Months ago, attorney Tony Buzbee tried to spark a federal investigation of Texans quarterback Deshaun Watson. It apparently worked.
“Deshaun Watson reaches out to a woman in Atlanta, Georgia, while he’s in Houston,” Buzbee said at a press conference in early April. “Hear what I’m saying. He reaches out to a woman via direct message on Instagram who’s located in Atlanta, Georgia. He does this while he’s in Houston. He asks her for a massage. He tells her he’ll fly her in. He buys her a plane ticket. He arranges for her Uber from the airport. He Ubers her to the Houstonian.”
Asked whether there was significance regarding the notion that Watson brought women from other states to Texas, Buzbee said, “That’s a question you should ask somebody else.”
Since then, somebody else apparently has been asking questions.
“Let’s be clear, when somebody comes into your office on the 73rd floor of the Chase Tower, whether they’re the FDA or the FBI, it’s a big deal,” Buzbee told Amy Dash of leagueofjustice.com. “Well, it was the FBI. . . . They contacted me and I’ve met with them three times now and now they’ve met with several of the plaintiffs in the case.”
Buzbee, being deliberately coy (given his comments from April), said he asked the agents, “Why do you care about this?”
“He said to me, he’s like, ‘Look, what I’ve heard is that most of the reachouts occurred via the internet which creates jurisdiction for us,'” Buzbee said. “But then I understand there were these two women that were from out of state, which obviously creates more jurisdiction as well.”
Buzbee also said he spoke with an Assistant United State Attorney, and that she told him, “”Well I just want you to know we are not gonna waste your time.'”

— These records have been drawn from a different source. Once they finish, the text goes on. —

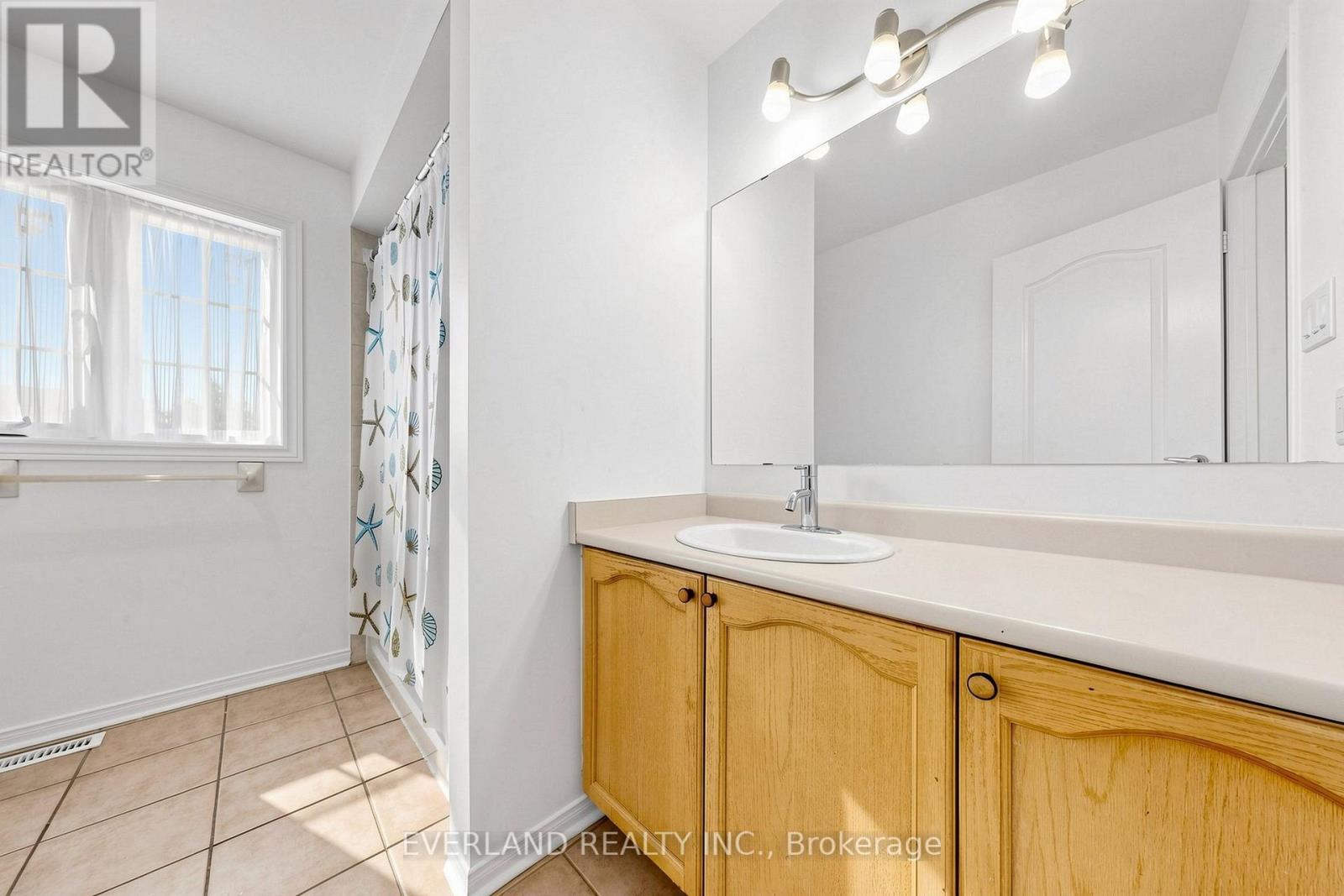 5588 Highbank Road, Mississauga, ON - Indoor Photo Showing Bathroom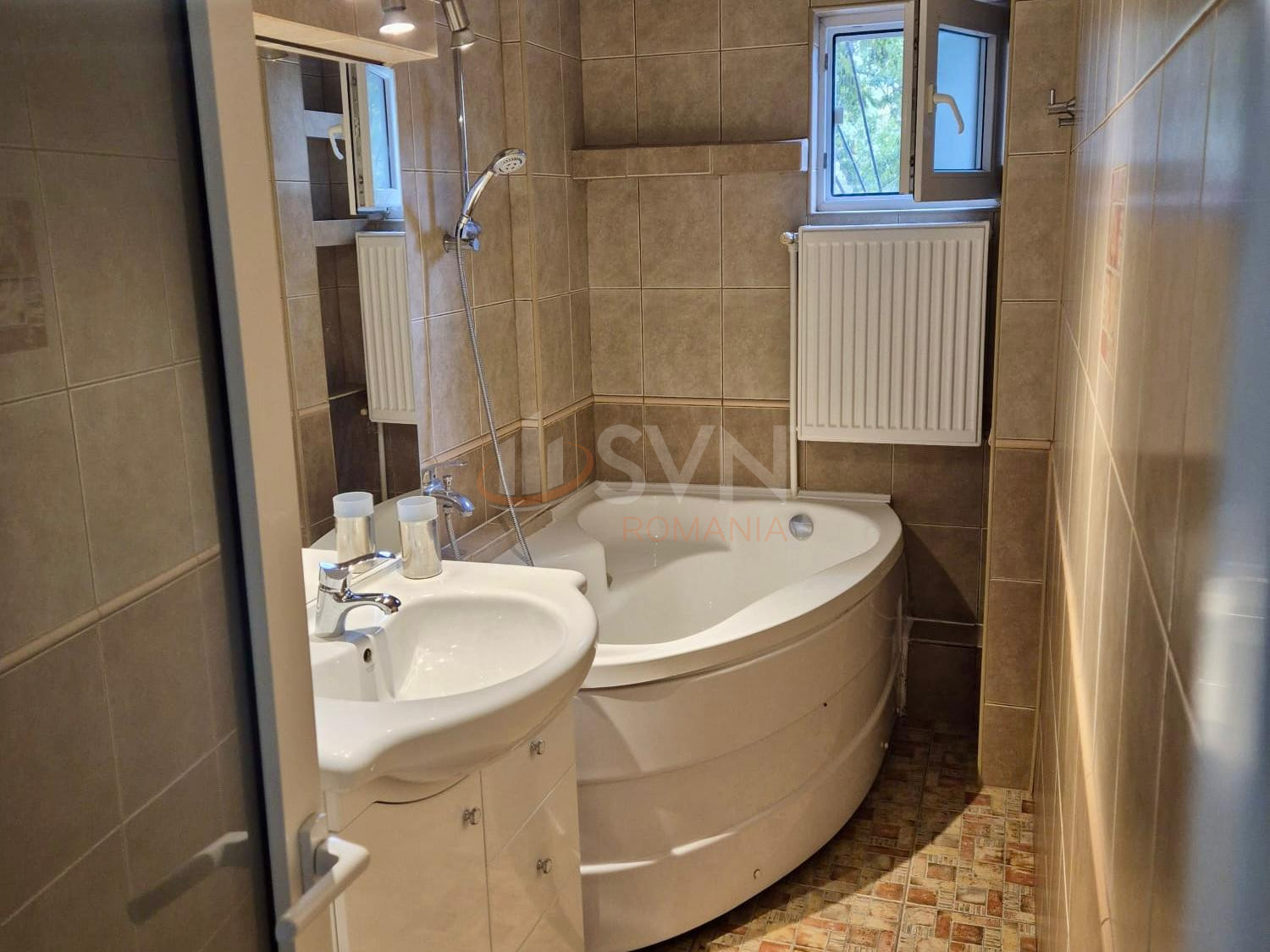 Apartament, 3 camere Bucuresti/Crangasi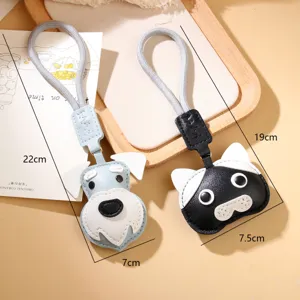 Porte-clés mignons en cuir PU chien et chat bleu et noir avec dimensions indiquées
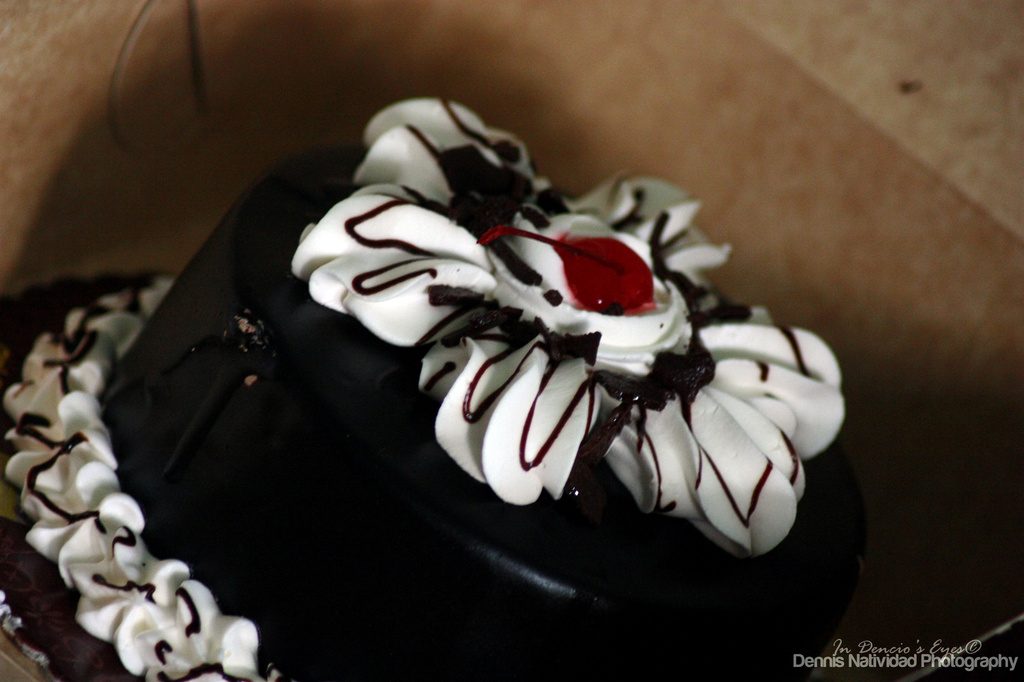 Black Velvet Cake by iamdencio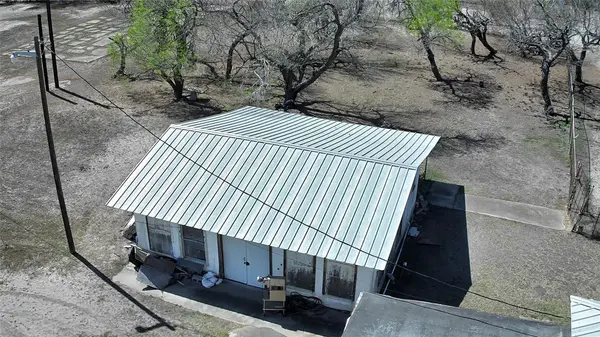 1111 E Avenue D Ave, Kingsville, TX 78363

This is Buzbee’s latest attempt to try his cases in the court of public opinion, and/or to get the kind of settlement offer he wants for his clients. But if a federal investigation actually exists regarding Watson, to go along with the criminal complaints that apparently are on track to be presented to a Harris County grand jury, it makes the 22 civil lawsuits the least of Watson’s current concerns, by far.